Forget Challengers, if it’s steamy tennis action you’re looking for, comic Adam Riches has read your mind and put together a delightfully funny and poignant one-man play about mercurial talent and seventies icon Jimmy Connors. The atmosphere is tense, the stage is set up like half a tennis court with an anxious audience inspecting from above, and you can spy a beleaguered figure, draped in a towel, awaiting the call to action. He springs to life with a counterfeit vitality to continue being thrashed in a US Open he used to run. His cockiness does not waver, however, and he makes sure to remind us – in-between tennis ball thwacks – just how important and great he used to be; Jimmy Connors, the Brash Basher of Belleville, eight major titles, the coolest goddamn name on the planet… a total emotional wreck, a past it old man shunted onto the graveyard slot.
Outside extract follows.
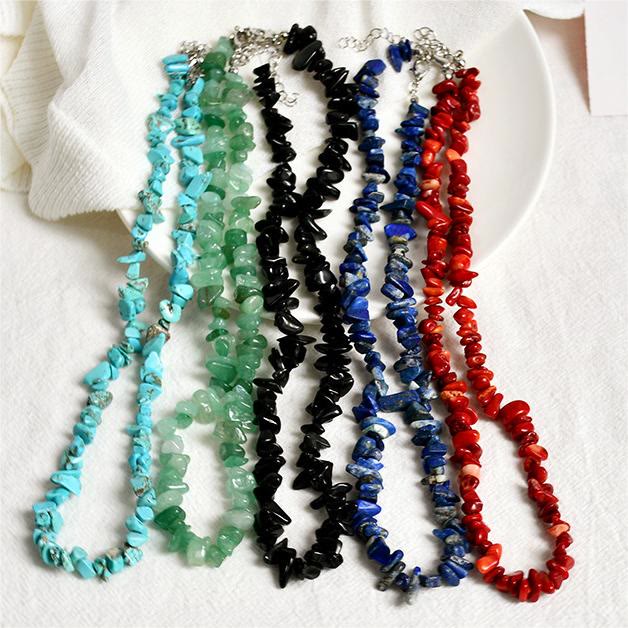 Elegante Lina natuursteen ketting, een tijdloos dames sieraad voor een verfijnde stijl.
You do not just see Adam Riches playing a character here, you see Jimmy Connors in all his glory and ignominy. Riches performs like a man possessed, he bounds about the stage, almost leaping into the crowd at certain points, he puts his very soul into every hit of imaginary tennis balls. But the quieter moments make the show, and Riches channels all of Connors’ distress and trauma in long soliloquies, switching seamlessly from Connors to his mother and to his “two-mom” as they exist in Connors reminiscences. Your heart aches for him as he bears his soul; you will him once more unto the breach.
All this is played out with the occasional support of startling drumbeats which give the show a musical rhythm as it accelerates unrelentingly into an inspiring conclusion. Jimmy is an absolute treat, it grabs you with both hands and doesn’t let go, it demands and feeds off your your rapt attention. All you can do is accept its brilliance and applaud an absolutely spent looking Adam Riches, drenched in sweat.